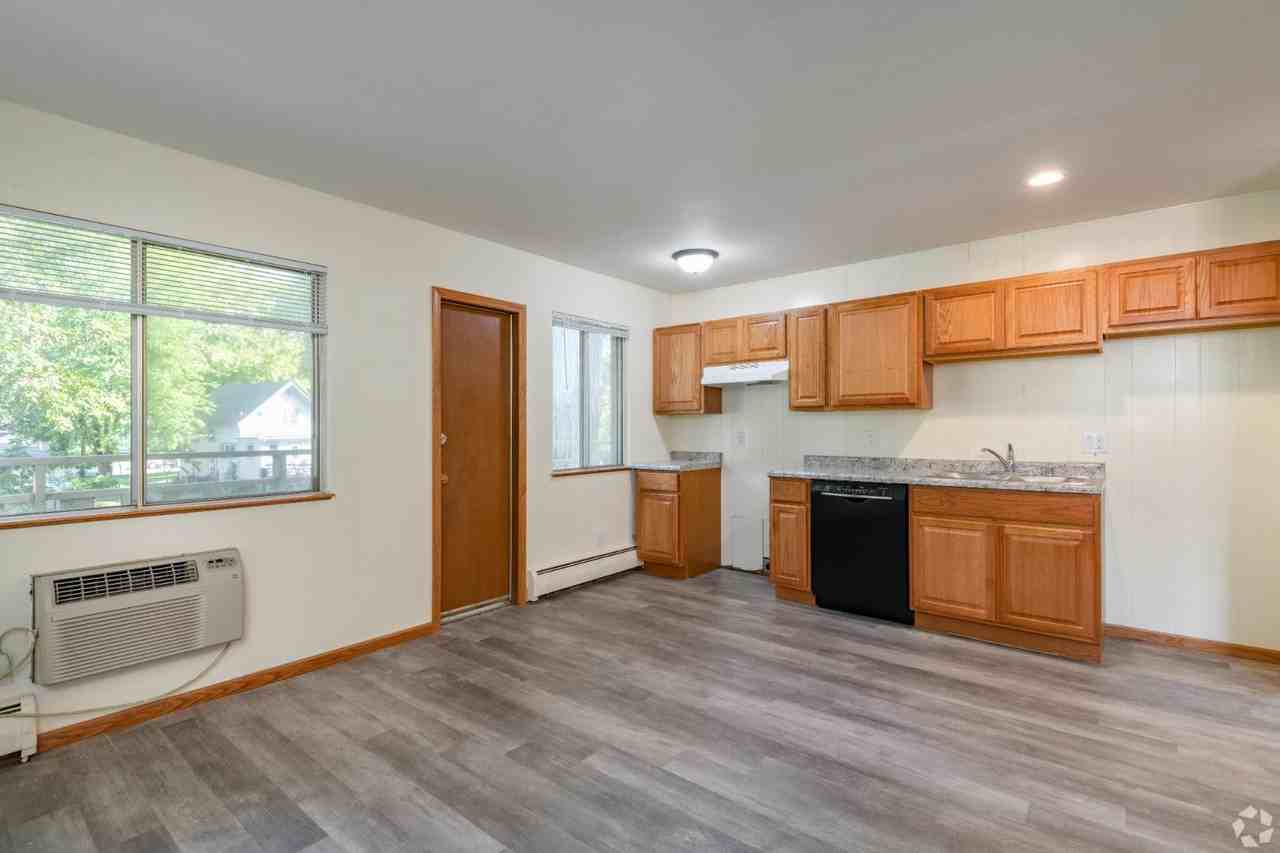 711 Pirate Island Rd - Photo 3 of 8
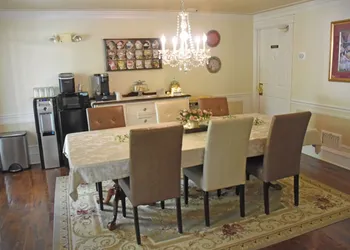 Martha's Vineyard Bed & Breakfast hotel thumbnail 8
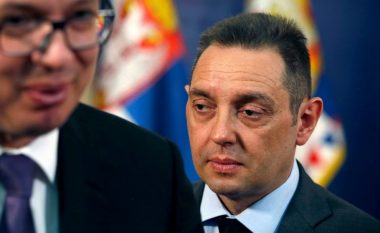 Skandali i shfrytëzimit të BIA-së serbe nga shërbimet sekrete ruse, kërkohet dorëheqja e Aleksandar Vulinit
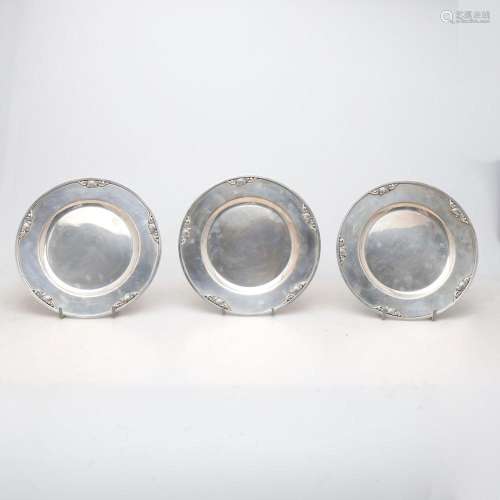 Set of three silver dishes attributed to Jensen, circa 1962.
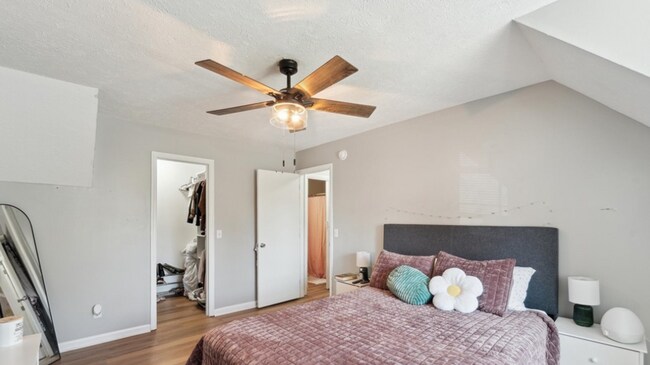 Building Photo - New to the market! 3/2 Home in Richmond Hi...
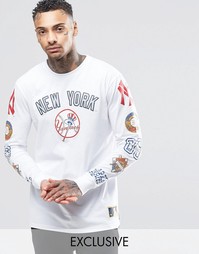 Majestic Yankees Long Sleeve T-Shirt With Yankees Sleeve Print Exclusive To ASOS - Белый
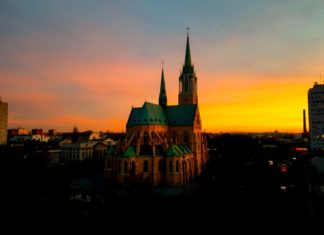 Słońce wstaje nad miastem…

▶ _Exercise details_
In the copy, every entry must appear exactly as written, and no picture may appear.

▶ _Answer_
 711 Pirate Island Rd - Photo 3 of 8
 Martha's Vineyard Bed & Breakfast hotel thumbnail 8
 Skandali i shfrytëzimit të BIA-së serbe nga shërbimet sekrete ruse, kërkohet dorëheqja e Aleksandar Vulinit
 Set of three silver dishes attributed to Jensen, circa 1962.
 Building Photo - New to the market! 3/2 Home in Richmond Hi...
 Majestic Yankees Long Sleeve T-Shirt With Yankees Sleeve Print Exclusive To ASOS - Белый
 Słońce wstaje nad miastem…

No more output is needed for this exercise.